3D models can have several million polygons (mostly triangles, but sometimes more complex shapes). Low-poly 3D models typically use few polygons, whereas high-poly 3D models use more polygons and will have higher visual quality.
Take this example of a sphere.
The left sphere is high in quality. It has a high polygon count and has a very detailed curvature with precise measurements.
The right sphere is much lower in quality. It has a lower polygon count and has very rough edges. However, this is a much lighter file, meaning it will perform better and might be convenient in a situation where interactivity and speed is more important.
With XR technology, there will always be a trade-off between quality and performance which will in part be caused by hardware limitations. However, as technology evolves, some of these limitations naturally dissipate.
A typical limitation that we will discuss is trying to get large and complex datasets into a device that just can’t handle the data. You need to find a robust solution that can handle any 3D data types as an input, and prepare and optimize for output to a variety of devices and formats.
Here are some tips on how to optimize your 3D design data for your Augmented, Mixed or Virtual Reality use case, regardless of its size or complexity.
If you're working with large data
There are several different approaches that you can take when it comes to full scale visualization of complex 3D data sets, but it all comes down to your use case.
If you’re working with a large-scale data set like a factory, you’re typically going to be involved in scenarios where small details aren’t as important, such as assessing spatial assessments and looking at accessibility. In this scenario, you can optimize the data by removing certain small components that aren’t required to complete the task.
For use cases such as factory layout and planning, reducing the polygon count will make a huge difference to your data. This will make large datasets far more manageable within your device. Reducing excessive quality of the data will help a great deal with the overall performance.
If you're working with small data
If your use case requires you to focus on small assemblies in detail, such as a design review, you’ll need them to look as visually appealing as possible.
You also want to trust the data that you see, in order to work efficiently around it. This means you’ll need to focus on maintaining the quality rather than taking a drastic approach to optimization, to ensure that you’re not missing any data.
However, when you’re working with smaller datasets, you might still find that some parts and components aren’t required for your use case. For example, if you’re conducting a design review on a car engine, you might only be looking at the outer sides of the design. In this scenario, you could remove the internal parts of the engine. This can be done using the Shrink Wrapping tool using the TVP. Again, this will help to improve the overall performance.
You can also take a hybrid approach. It might be that you want to shrink wrap certain components, but you have other components from suppliers that you want to keep in full detail. By taking a hybrid approach, you can be more selective about which components are optimized to meet your use case requirements.

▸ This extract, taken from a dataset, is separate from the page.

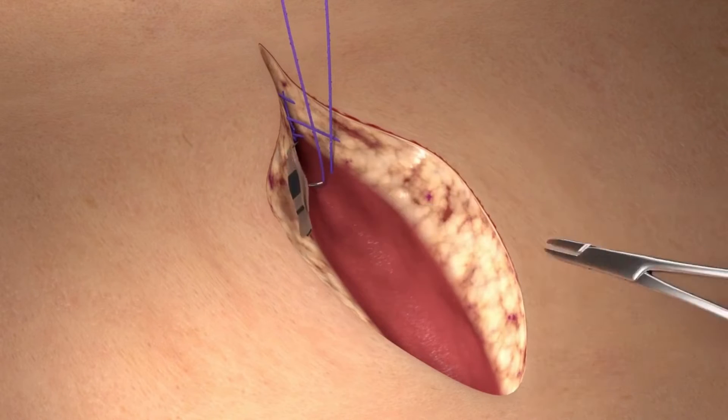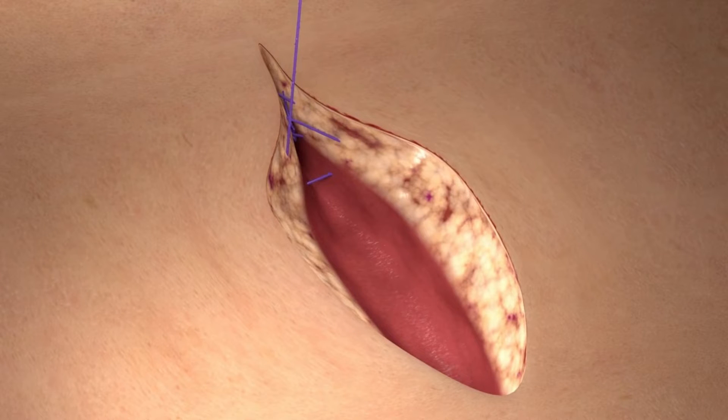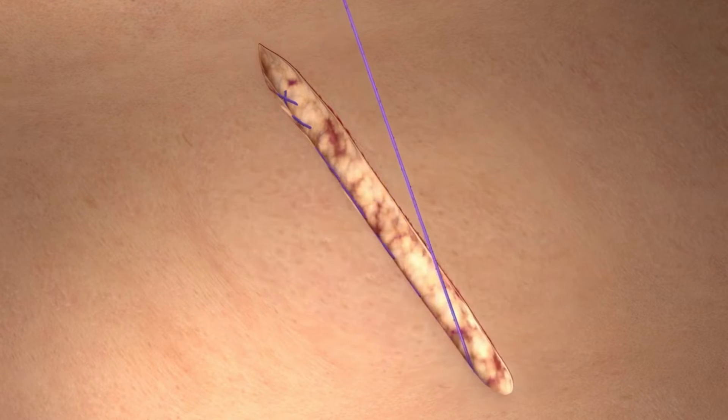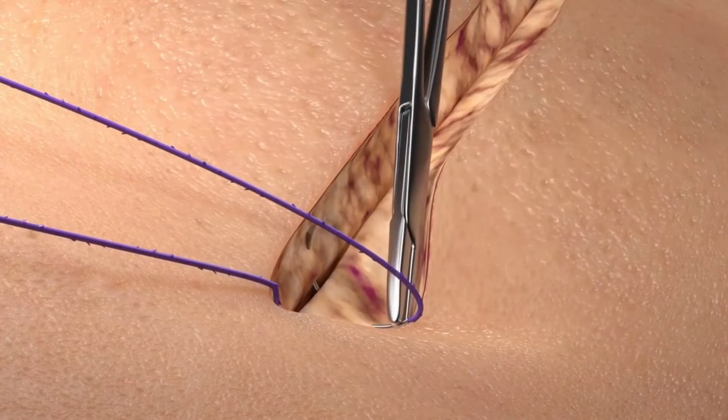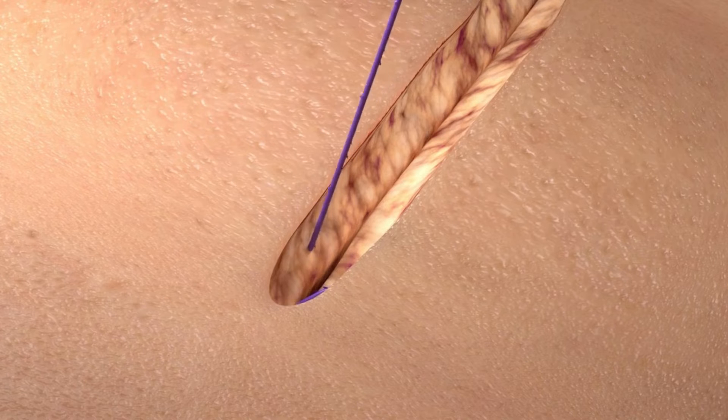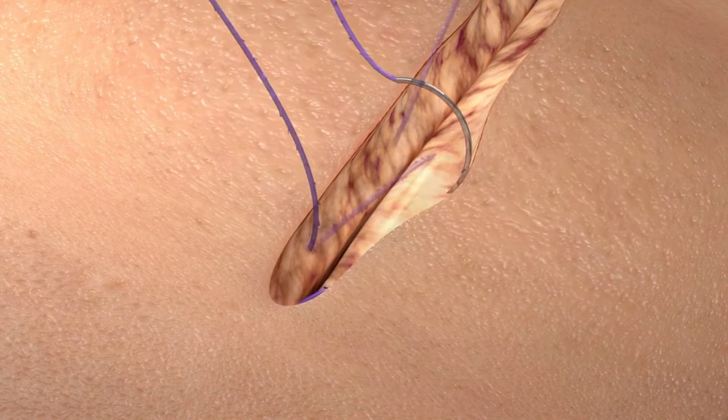We then proceed with the closure of the deep dermis by running the Quill device in a simple continuous fashion. Once the apex has been reached, make the appropriate backstitch back toward the midline of the incision. Once the backstitch is complete, the suture is cut flush with the skin.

If you're working with multiple data types
If you’re working with small datasets, preparing models for full scale XR visualization isn’t too complex. However, if your use case requires you to bring a wider range of data types into an XR session, you will hit a roadblock without the right solution.

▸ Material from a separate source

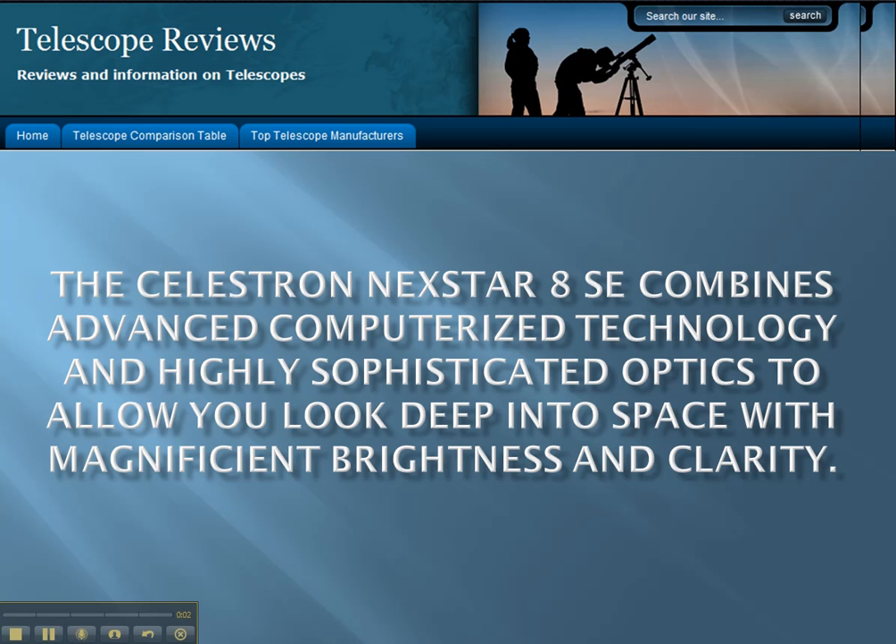The Celestron Nexstar 8SE combines advanced computerized technology and highly sophisticated optics to allow you to look deep into space with magnificent brightness and clarity.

For example, for factory planning, you might look to bring in a mix of scan data, SOLIDWORKS data for your conveyor or some of your machinery, and CATIA data for a gearbox or an engine component that you want to bring into the layout.
The Theorem Visualization Pipeline (TVP) is an enterprise-ready, data and device agnostic software solution. It enables data of all types to be prepared and optimized for full-scale XR visualization. This means you can merge a range of inputs into one scene, depending on your requirements. Whether it’s CAD data (such as CATIA V5, 3DEXPERIENCE, Creo, or NX), BIM data (such as Revit or Navisworks), or whatever else is required, the TVP can handle any data type.
Here are some of the key takeaways on how to optimize your data to best suit your XR use case:
Prioritize performance where possible – When you’re working with larger data sets, detail isn’t always necessary. Going overboard can result in reduced performance. Instead, consider a heavier and more drastic approach to optimization by removing parts and components that aren’t essential.
Only focus on detail where required – High detail often comes with a high polygon count. When it comes to your use case, consider what parts and components are really required, and which ones are not. A lower polygon count will result in a faster processing time.
Take a data-agnostic approach – Having a solution that enables you to bring in and merge any input into one XR scene could be a huge step in maximizing your XR experience. Without this, you will really limit yourself and will be forced to play with lots of different file formats to squeeze it into a scene, which can be extremely time-consuming.